Ceremony
In a few days, many will process into bleachers and participate in a traditional commencement ceremony. Many may imagine that they would prefer to receive their diplomas in the mail (and to put them in a drawer instead of in a frame on the wall). There may be similar resistance for many who attend Eagle Scout Courts of Honor, weddings, funerals, inaugurations, church, chapel, and synagogue services, and other ritual ceremonies.
Why are we so resistant to this kind of activity, which human beings have been practicing since they have been known to be human?
Part of the answer lies in two big chips we carry on our shoulders when we enter into ceremonial occasions.
On our left shoulder is the unexamined assumption that anything that is not spontaneous, arising from immediate visceral instinct, is artificial and therefore false.
This chip we inherit from the Romantic movement of the 19th century, still very much with us.
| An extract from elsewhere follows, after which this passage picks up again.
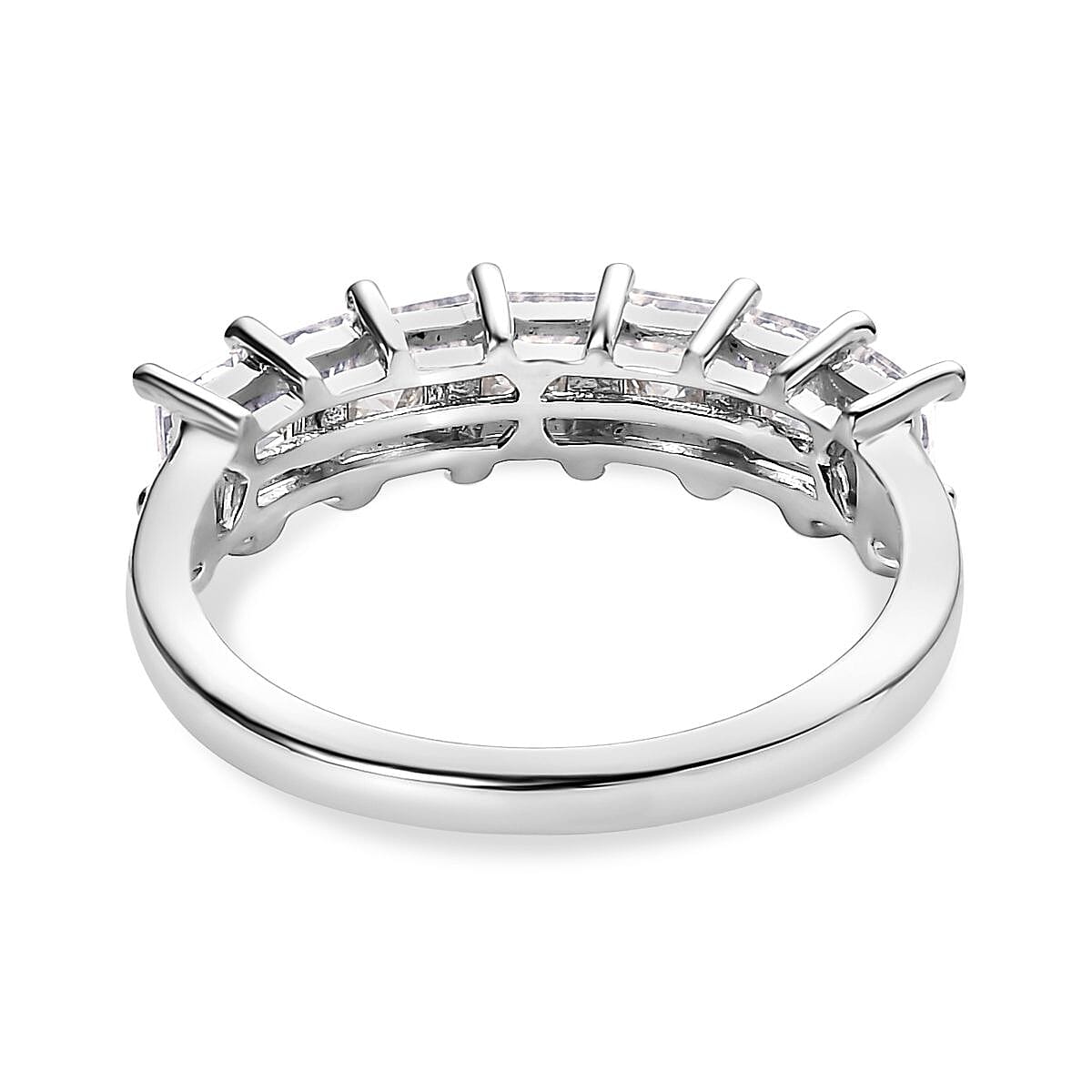 Moissanite 7 Stone Ring in Platinum Overlay Sterling Silver 1.68 Ct.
The spokesman for that movement, Jean-Jacques Rousseau, in many pages of argument, articulated the premise that man is naturally good and that it is society that corrupts him. The conclusion drawn by many was and is that in order to recover goodness, we must depart from the group and become entirely individual, which in practice means getting into touch with the most natural parts of ourselves: our bodies, spontaneous impulses, feelings, gut. The enemy is every fraternal, political, or religious institution, every tradition, every form of social conditioning or societal influence (except that which tells us to resist societal influence!).
With this chip on our shoulder, we experience any ceremony as a compromise of our sacred individuality, a succumbing to corrupting external pressure, a surrender.
And so we resist. The moment our elders tell us “This ritual is what we do and how we do it,” we inwardly rebel. (Who are you to tell me what to do? Nature is my guide to the good. You are society, trying to corrupt me.) The romantic enters the place of ceremony believing his best (natural) self is under attack by society in the form of artificiality.
On our right shoulder is the unexamined assumption that anything that cannot be scientifically demonstrated to our rational intellect is likely to be at best inadvertent error and at worst intentional deception.
This chip we inherit from the Enlightenment of the 18th century, still very much with us too. Here the premise is that man’s intellect is constantly growing in its mastery of reality and, given time and sufficient experimentation, will eventually comprehend all things that have in the past seemed to be mysterious. The conclusion drawn by many was and is that in order to attain to truth, we must examine everything with the eye of objective and skeptical rational observation supported by experiment. The enemy is every attempt to appeal to non-objective modes of experience: tradition, imagination, faith, revelation, obedience to authority (except the authority of science!).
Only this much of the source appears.